**Task details**
Return all of the data exactly, omitting any images.

**Collected material**
▼▼▼

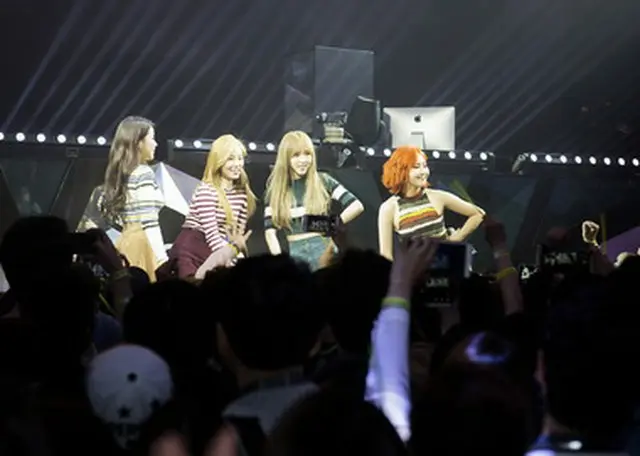 韓国の人気ガールズグループ「MAMAMOO」まで動員したLG電子の新スマホ”LG G5”ローンチパーティーが、ソウル市内のクラブで華麗に開催された。（提供:news1）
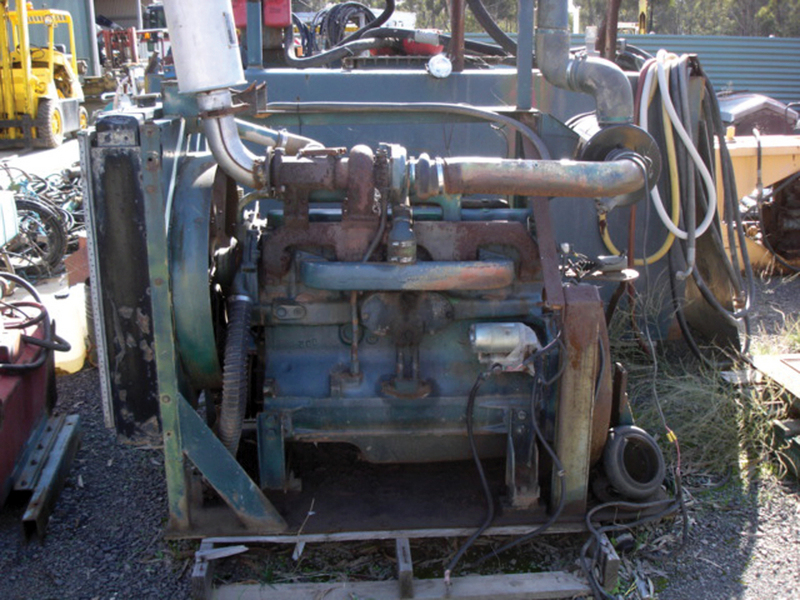 JOHN DEERE STATIONARY MOTOR (975-9)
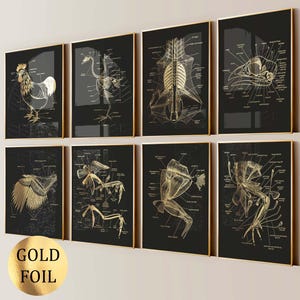 Op de afbeelding: Een rustiek houten bord met de tekst "Welcome to our home" in witte letters. Het bord heeft een verweerde afwerking en een eenvoudig, uitnodigend ontwerp, perfect voor entree decoratie.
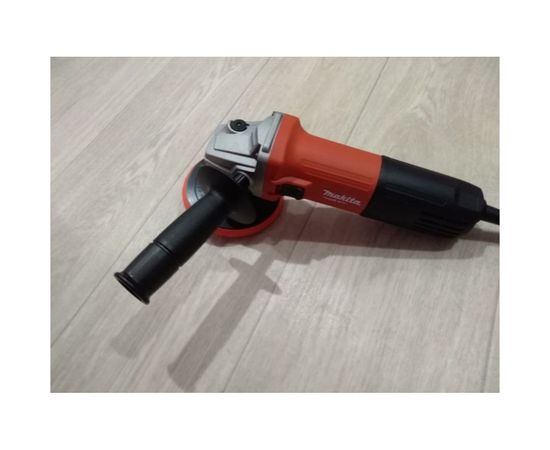 Угловая шлифмашина Makita M9511 – изображение 27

▲▲▲

**Written answer**
 韓国の人気ガールズグループ「MAMAMOO」まで動員したLG電子の新スマホ”LG G5”ローンチパーティーが、ソウル市内のクラブで華麗に開催された。（提供:news1）
 JOHN DEERE STATIONARY MOTOR (975-9)
 Op de afbeelding: Een rustiek houten bord met de tekst "Welcome to our home" in witte letters. Het bord heeft een verweerde afwerking en een eenvoudig, uitnodigend ontwerp, perfect voor entree decoratie.
 Угловая шлифмашина Makita M9511 – изображение 27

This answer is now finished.